But first there's no less than a "trial of the century" to get rid of.
The fascinating screenplay opens with how Chinese media reacted to it. Three minutes before Xinhua announced it, the People's Daily was already meticulously drawing a distinction between "Bo Xilai's personal issues" and "the successes in the economic and social development" of Chongqing.
Fifteen minutes later, Xinhua followed with a commentary essentially warning that Bo had fallen because a local "tiger" had become too powerful; and thus "the nation's long-term stability can only be secured by protecting the authority of the central leadership."

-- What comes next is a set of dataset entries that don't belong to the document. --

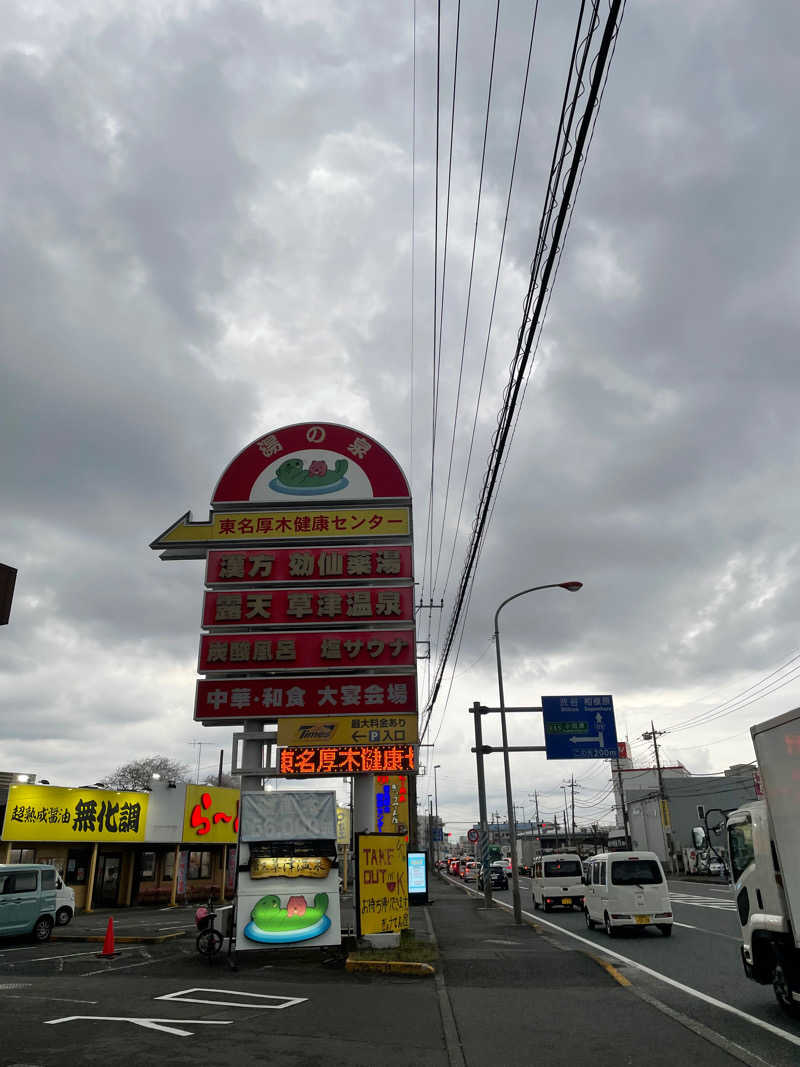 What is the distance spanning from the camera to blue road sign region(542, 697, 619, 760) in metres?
24.0

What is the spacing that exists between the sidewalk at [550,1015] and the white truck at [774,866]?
1466 mm

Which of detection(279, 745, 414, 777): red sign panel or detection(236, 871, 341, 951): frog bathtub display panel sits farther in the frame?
detection(279, 745, 414, 777): red sign panel

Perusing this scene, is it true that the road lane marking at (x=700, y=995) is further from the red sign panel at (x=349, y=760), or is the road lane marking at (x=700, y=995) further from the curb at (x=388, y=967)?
the red sign panel at (x=349, y=760)

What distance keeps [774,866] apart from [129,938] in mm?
17889

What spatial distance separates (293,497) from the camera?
20234 millimetres

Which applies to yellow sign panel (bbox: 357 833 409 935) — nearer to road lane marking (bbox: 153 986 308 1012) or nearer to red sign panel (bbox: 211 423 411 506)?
road lane marking (bbox: 153 986 308 1012)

The problem is all this heavy artillery does not even begin to tell the story.
The Ferrari vs the Hondas
Tall, energetic, charismatic, a fluent English speaker (learned when he was still in junior high, before the Cultural Revolution) and a princeling to boot -- the prodigal son of Bo Yibo, one of the "Eight Immortals," the group of Mao Zedong's close pals led by Deng Xiaoping, who later opened China to the world -- Bo Xilai is the stuff "rise and fall" epics are made of.
A princeling -- as defined by the Hong Kong-based media way back in the 1980s -- was one of the hundreds of children of CCP leaders who danced to the mojo of unlimited money, power and privilege. Bo -- who inherited all the priceless guanxi woven by his illustrious father -- preferred the term "red successor."

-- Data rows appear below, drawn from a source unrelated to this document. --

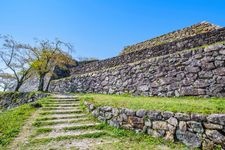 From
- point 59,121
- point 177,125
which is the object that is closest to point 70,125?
point 59,121

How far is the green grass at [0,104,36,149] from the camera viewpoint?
6875mm

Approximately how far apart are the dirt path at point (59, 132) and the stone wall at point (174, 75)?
4200 mm

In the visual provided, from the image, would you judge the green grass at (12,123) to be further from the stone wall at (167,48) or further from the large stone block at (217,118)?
the stone wall at (167,48)

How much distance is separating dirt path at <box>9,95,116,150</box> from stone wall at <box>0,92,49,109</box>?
7.70 metres

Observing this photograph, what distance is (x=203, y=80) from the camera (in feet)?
32.2

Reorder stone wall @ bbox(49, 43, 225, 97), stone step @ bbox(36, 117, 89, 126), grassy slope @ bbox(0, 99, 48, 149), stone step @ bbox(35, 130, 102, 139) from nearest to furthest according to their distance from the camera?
grassy slope @ bbox(0, 99, 48, 149), stone step @ bbox(35, 130, 102, 139), stone step @ bbox(36, 117, 89, 126), stone wall @ bbox(49, 43, 225, 97)

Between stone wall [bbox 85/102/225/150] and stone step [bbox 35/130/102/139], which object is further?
stone step [bbox 35/130/102/139]

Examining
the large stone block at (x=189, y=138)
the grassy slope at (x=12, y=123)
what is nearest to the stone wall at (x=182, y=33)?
the large stone block at (x=189, y=138)

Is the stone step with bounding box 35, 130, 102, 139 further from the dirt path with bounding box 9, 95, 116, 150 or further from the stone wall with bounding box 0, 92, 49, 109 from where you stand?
the stone wall with bounding box 0, 92, 49, 109

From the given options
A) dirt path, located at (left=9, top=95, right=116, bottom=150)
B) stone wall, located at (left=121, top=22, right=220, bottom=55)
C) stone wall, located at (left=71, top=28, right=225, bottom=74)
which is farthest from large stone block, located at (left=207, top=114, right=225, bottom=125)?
stone wall, located at (left=121, top=22, right=220, bottom=55)

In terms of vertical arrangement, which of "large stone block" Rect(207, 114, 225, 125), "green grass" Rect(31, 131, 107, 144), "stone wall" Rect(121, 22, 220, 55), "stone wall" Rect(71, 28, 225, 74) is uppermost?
"stone wall" Rect(121, 22, 220, 55)

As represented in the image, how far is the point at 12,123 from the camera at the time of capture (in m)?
8.23

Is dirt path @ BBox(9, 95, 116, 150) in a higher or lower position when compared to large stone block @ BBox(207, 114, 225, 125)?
lower

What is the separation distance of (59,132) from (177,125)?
3.63m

It's absolutely impossible to understand what's happening to Bo without following his complex family interactions with current Chinese President Xi Jinping, former president Hu Jintao and former premier Wen Jiabao. It's like comparing a Ferrari with a trio of Honda Civics.

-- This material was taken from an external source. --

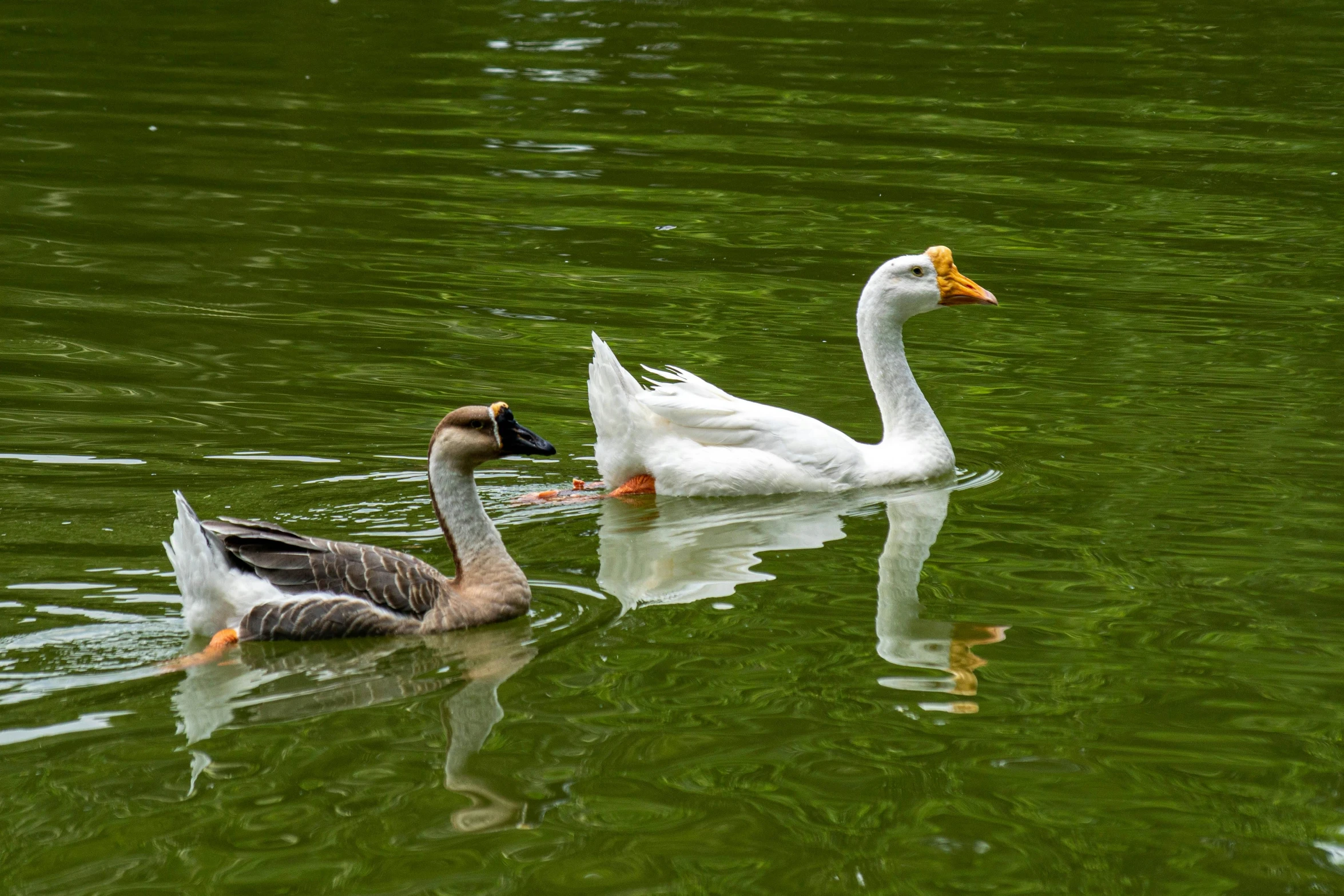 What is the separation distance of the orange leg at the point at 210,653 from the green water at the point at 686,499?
0.08m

Bo, the maverick, dashing Ferrari, is communist aristocracy by birth. Hu and Wen are hard workers who came from practically nothing. Wen's family, in Tianjin, was persecuted by the princeling Red Guards during the Cultural Revolution. But later, in 1966, it was the poor Red Guards from his university who ended up arresting Bo's father.
The key point is that bad blood between these families was the name of the game for at least one generation.
By the end of 2007, Bo had lost his internal fight at the 17th Party Congress to become a vice-premier. He got into the Politburo -- but was "exiled" to Chongqing, in Sichuan -- some 1,500 kilometers away from Beijing. Chongqing has been a provincial-level municipality since 1997. The sprawling city has a population of 7 million, but the wider metropolis in the Yangtze valley holds no fewer than 33 million -- and counting. Chongqing was one of the nodes of the late 1990s' "Go West" policy -- the push to industrialize the Chinese hinterland at breakneck speed.
Bo arrived in Chongqing ready to roll. 2008 was the crucial year when the CCP unveiled a new narrative of a confident China finally overcoming "a century of humiliation" under foreign colonial powers. Beijing's answer to the Wall Street-provoked financial crisis was a nearly $600 billion stimulus package -- the largest in history -- to turbo-charge the Chinese economy. But after that, yet another narrative was needed to justify the CCP's power monopoly.
Bo smelled a winner. He capitalized on a widespread popular sense of alienation, resentment against inequality, and nostalgia for those egalitarian early days of socialism. Simultaneously he capitalized on Hu and Wen's campaign to fight inequality, as well as their ambivalence towards the role of private capital, and turned left, big time.
His masterful channeling of public resentment led to a reawakening of "the masses"; Bo was talking again about the bogeyman -- the bourgeoisie -- complete with nostalgic production values of the revolutionary era (as in Mao songs and quotations, which he knew by heart because he had spent five years in prison during the Cultural Revolution).